* _SUPPLIED INFORMATION_:
= = =

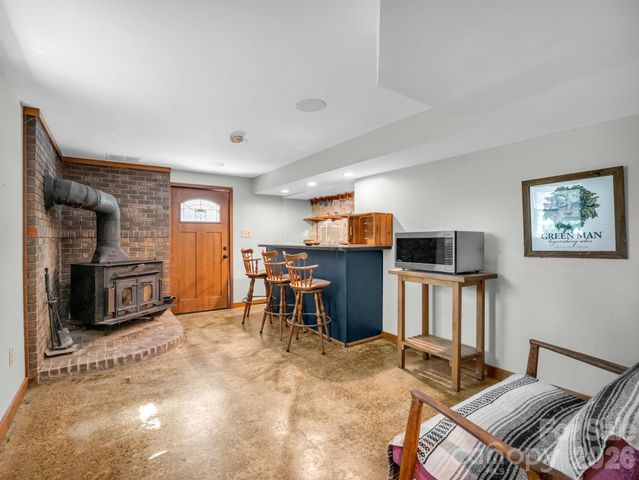 21 Sleepy Hollow Drive, Asheville, NC 28805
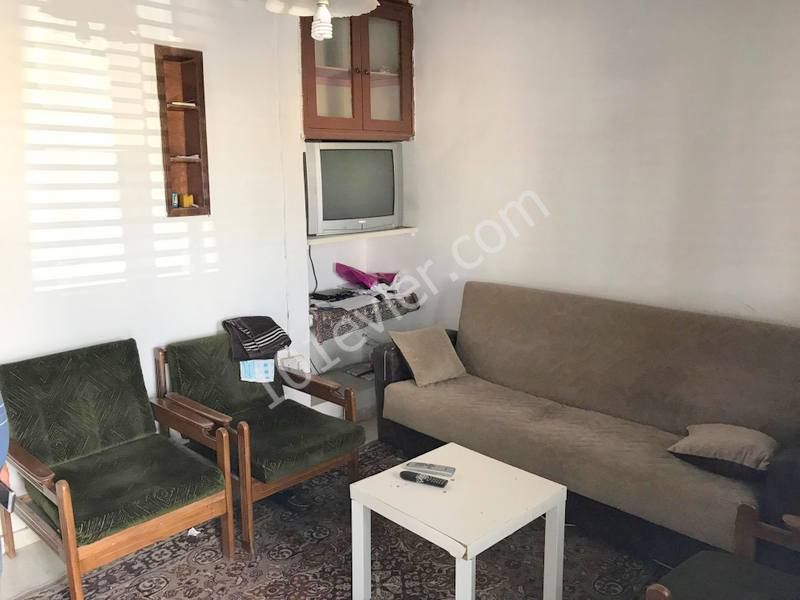 Detached House To Rent in Göçmenköy, Nicosia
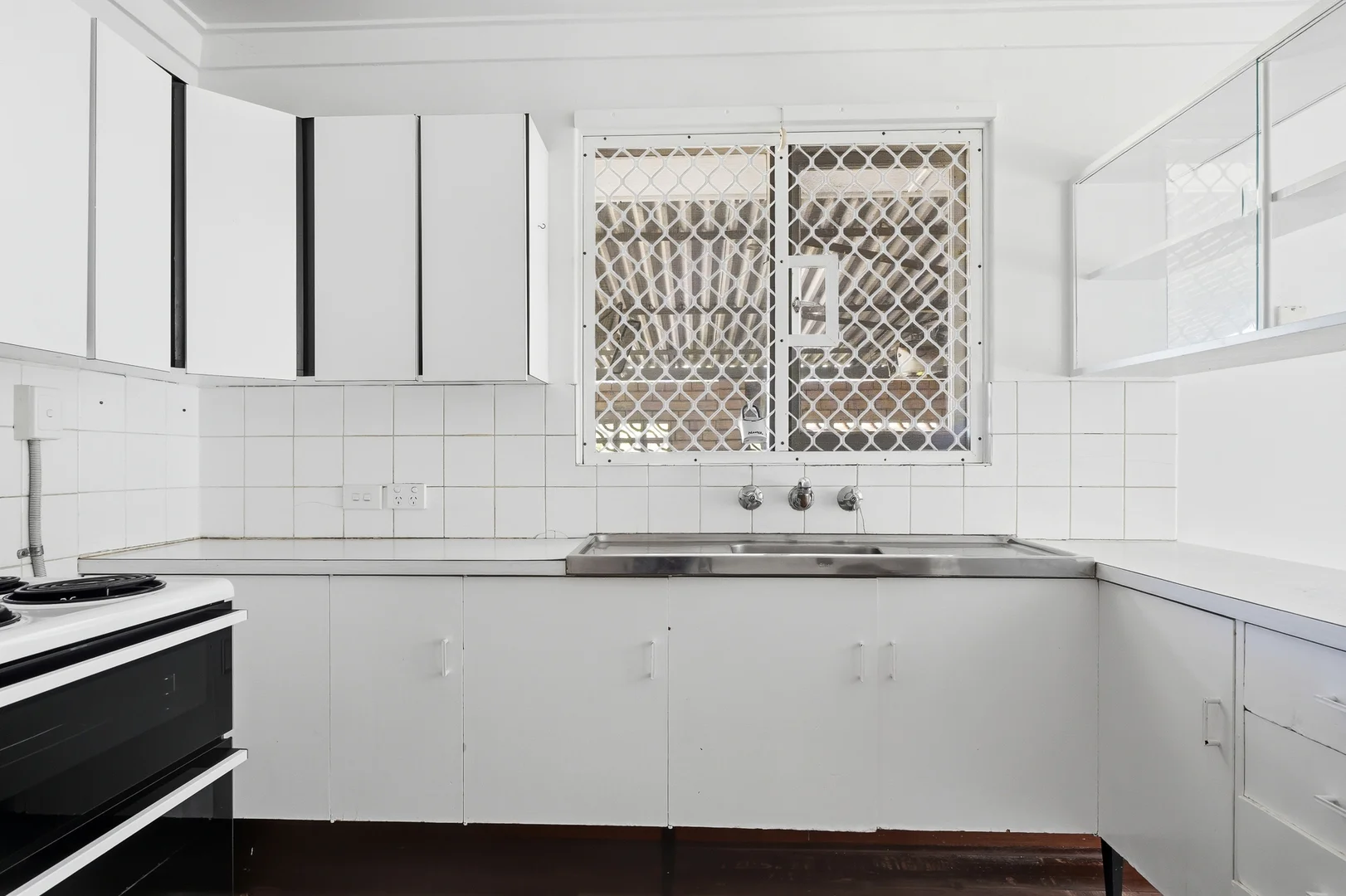 Additional image 7 of 347 Railway Avenue, Armadale WA 6112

= = =

* _TASK ITEM_:
Could you output the entire listing verbatim while omitting its pictures?

* _TASK RESULT_:
 21 Sleepy Hollow Drive, Asheville, NC 28805
 Detached House To Rent in Göçmenköy, Nicosia
 Additional image 7 of 347 Railway Avenue, Armadale WA 6112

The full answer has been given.